Tuesday, February 7, 2023
Book Review: Babel
Written by R. F. Kuang in 2022
Review: To misquote the esteemed Dr. Doofenshmirtz, if I had a nickel for every time I read a book wherein a friend group of Classics students need to cover up a murder, I would have two nickels—which isn’t a lot, but it’s strange that it happened twice. Babel, however, outshines The Secret History, and its higher stakes lead to more (and more meaningful) violence.
Babel focuses mostly on Robin but fleshes out his three classmates as main characters with their own backstory chapters. Kuang wields the ensemble cast exceptionally, illuminating each of their decisions as jointly informed by their own struggles and the influence of their friends. With each student coming from a different ethnic and cultural background, the cast builds solidarity from the discrimination they all face in 1830s England, but remain unable to completely understand each other’s experiences. The plot naturally flows from the people, as opposed to being an externally imposed fantasy threat, and I’ll remember these characters as strongly as if I attended Oxford with them.

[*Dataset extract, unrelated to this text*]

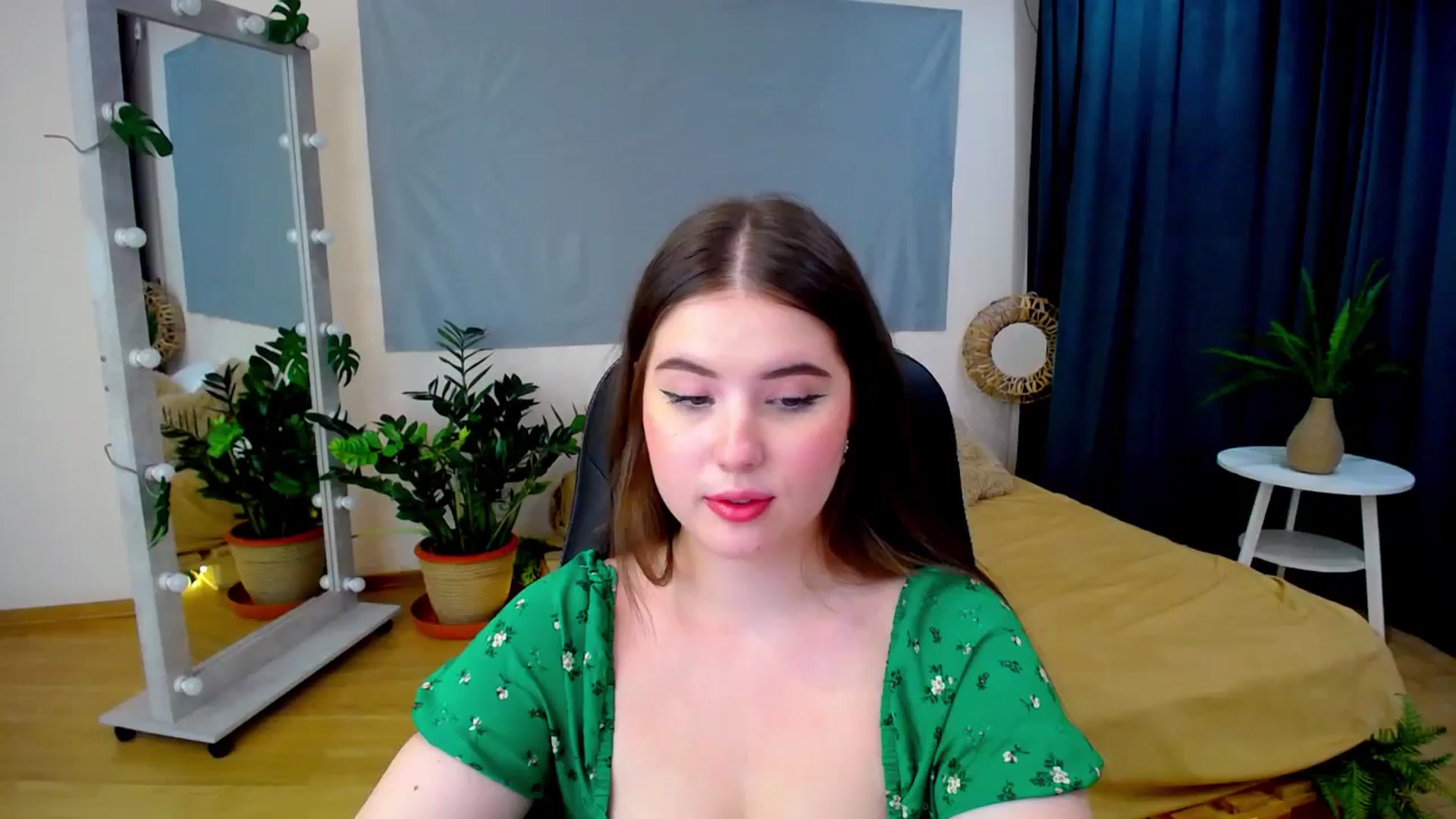 Gallery image thumbnail from AdmireMyEyes's myfreecams stream on, 06/30/2024, 23:27 image 12 of 20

I was commanded to read Babel by my peers because of its linguistics-based magic. Unfortunately, Kuang’s silverworking loses all the cinematic glory the author created in the Poppy War trilogy. The fact that each bar utilizes different words means every single usage of magic requires a character to explain exactly how it works, which cripples every action scene and makes the reader’s understanding lag behind the characters’.
This density worsens with the academic structure of Babel, as hinted at by the long title. Kuang includes footnotes, half with true history and half specific to this world. These add little to the plot and instead only hammer in Kuang’s anti-imperialist views. The story shows England’s exploitation of non-Western nations and the complicity of academia in power structures plenty fine, and stating it outright, repeatedly, on top of that will likely alienate moderate readers rather than widen their perspective on history.
Strengths:
The painfully strained relationship between Robin and Lovell, and its eventual catharsis, is a gripping throughline of the novel.
The ending could have been cheesy in another author’s hands, but Kuang fleshes out the symbolism with a captivating, drawn-out siege.
Weaknesses:
Victoire’s ending seems like it is meant to be cautiously optimistic, but the actual circumstances laid out suggest it can only go horribly wrong.
Rating: 17/20 magical cures with planned obsolescence
Ideal Setting: Read this when you next find yourself drawing on a foreign expression to say something that English doesn’t quite capture.